The film “Birth of a Nation” by filmmaker D. W. Griffith also helped.

Used for recruitment, the film using placards in place of dialogue portrayed the historically hooded terrorist organization portrayed instead to moviegoers as a patriotic and pro-America group that had restored law and order across the South from post-war chaos, its Confederate protagonist pardoned by Abraham Lincoln before returning home to found his chapter.

With a new patriotic backdrop, the new Klan’s motto was “one flag, one school, one language,” with efforts made to sell swords, Bibles, and other merchandise inscribed with the organization’s insignia. Everything was associated with the letter ‘K,’ from Klecktokkens (a fee to join) to just about anything, including group officer titles.

Using the film “Birth of a Nation” to help it recruit members, the Klan rode north, this time with automobiles. Expanding its  range of targets for scapegoating from Southern blacks and pro-Union men to Blacks, Latinos, Catholics, Jews, Asians, Atheists, Native Americans and Homosexuals.

Making inroads into Indiana and fostering a sense among members that they were special while also keeping an atmosphere of secrecy, the Klan then made the jump from Indiana to the Stanley area, through Worden, Plombon shared of a since deceased Edson resident who was willing to talk about the local history. According to this resident, family visits to Worden from the Hoosier state had brought up the Klan, which then sent a recruitment agent north, things coming to a head in 1924.

With enough interested people to start a chapter, the Klan held rallies, both in town at the auditorium and Soo Line Park as well as in Worden on farms. Rallies at Augusta and Cornell drew attendees in the thousands, while ladies aid church organizations provided lunch. A letter showed up in the paper regarding a rally that had happened with 300 automobiles, asking why there hadn’t been coverage. The supposed author later denied writing same, while bad police interference from previous publicity making the Klan choose not to advertise in the paper, asking ministers not to announce their gatherings as well. Helped nationally by what were deemed “crusading editors” while also having their own newspapers and taking to task those editors who didn’t support the organization, the Klan made rounds of the local Protestant churches to try and raise support, saying that they were Christian men looking to awaken others, and even singing “The Old Rugged Cross.”

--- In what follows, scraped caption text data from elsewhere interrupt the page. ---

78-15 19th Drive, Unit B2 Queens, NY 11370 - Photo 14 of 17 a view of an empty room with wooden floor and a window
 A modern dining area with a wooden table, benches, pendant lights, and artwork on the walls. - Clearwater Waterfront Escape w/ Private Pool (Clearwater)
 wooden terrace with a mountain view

In Chippewa County they made known who their preferred candidates were for office and even influenced elections, but met their match with the church ladies of Our Savior’s Lutheran, who chased them out  of the sanctuary when the Klan showed up one Sunday in January 1925.

“It was definitely the women who closed down the Klan in this area,” Plombon said as she shared how high Klan officials from elsewhere being involved in scandal and arrested led to wives pressuring their husbands to resign. In addition, anti-Klan mayor George Hipke was elected in Stanley. While at its height, meanwhile, a total of 40,000 ministers were estimated to be members, even urging others to join the group in their sermons.

In the end, the Klan’s resurgence died down but with many wounds left behind, especially in Jump River. Plombon closed out her presentation by saying that other organizations still exist that share Klan ideas, with pictures of contemporary groups. But of Stanley and the Klan in 1920?

“They saw through it,” she said of the end result, with periodic attempts to revive the organization in the area falling flat. People still had their differences (like which church they attended), but didn’t let these differences stop them from living a common public life in peace.

Now done with researching and presenting on the past local Klan, Plombon is working on other history projects.